In admitting the significant deficiencies of the education system, the fundamental question ought to be, what is going to be done about it, given its detrimental impact on the overall economy and our quality of life.

The alarming number of young people who are rejecting the school system and instead being attracted to a life of crime has now hopefully been placed on front-burner from a national security perspective. This represents a long-overdue, sober admission and offers renewed hope for the radical overhaul of the education system.

TTUTA has repeatedly pointed out that if you do not commit sufficient resources to quality education, then you will ultimately have to spend it on national and social security – a stark reality that has come home to us as a society. Quality education is about ensuring that schools meet the needs of all their students and not just a minority.

Back in April 2021, TTUTA made a passionate call for the reconfiguration of the education system in this column titled Failing Our Boys, wherein the irrelevance of the education system to many of our young men was identified as the main reason for its rejection. Indeed, the nexus between schooling and gang affiliation was identified as a new and prominent feature of our current education system.

In alluding to the large number of students who are "passing through" the education system, the Prime Minister quite rightly raised the question of value for money, mindful of the huge quanta of resources that have and continue to be committed to education and the returns the country is deriving on that significant investment.

Again, this is a question TTUTA has posed in the past, mindful of the large number of students who emerge annually from the secondary education system as "certified failures" owing to the continued perpetuation of an elitist education model that is based on an antiquated philosophy of education.
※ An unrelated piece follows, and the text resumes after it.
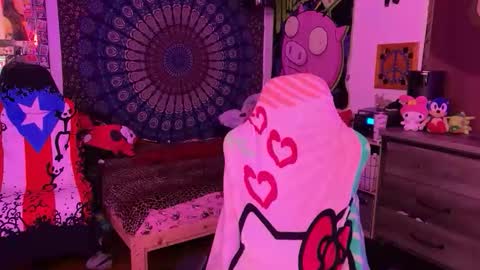 Snapshot of chromeheartzz chatting on 4, 3, 2026 chromeheartzz online show from 4, 3, 2026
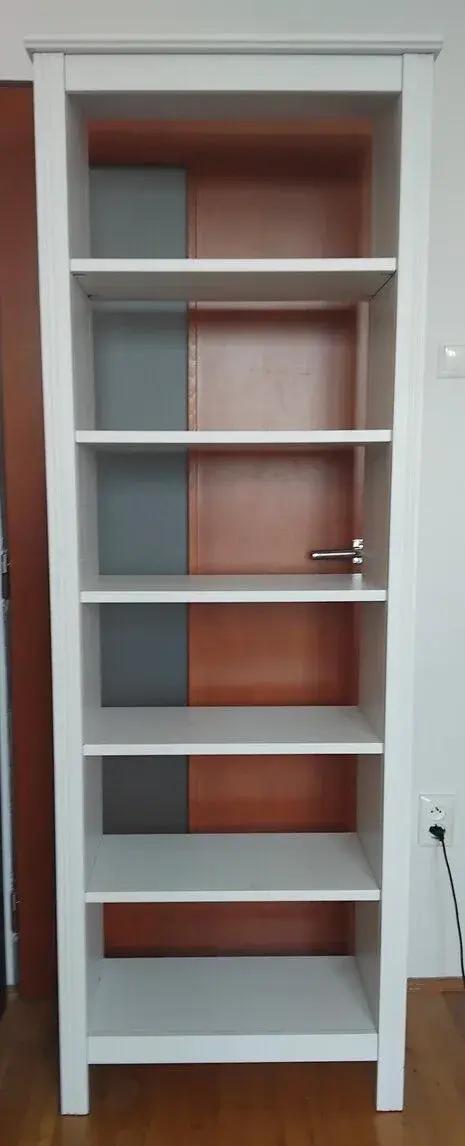 Brusali IKEA knižnica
The assumptions upon which this model has been premised do not hold for a large number of our students; a fact that TTUTA has repeatedly identified.

In its relentless call for educational transformation based on modern notions of education being the means by which people are empowered to realise their full potential, the "one cap fits all" approach was highlighted as a major hindrance and antithetical to the notion of quality education.

The narrowing of the curriculum, especially at the secondary level, with the steady and gradual marginalisation of technical-vocational education over the past two decades, has proven to be to our social and economic detriment.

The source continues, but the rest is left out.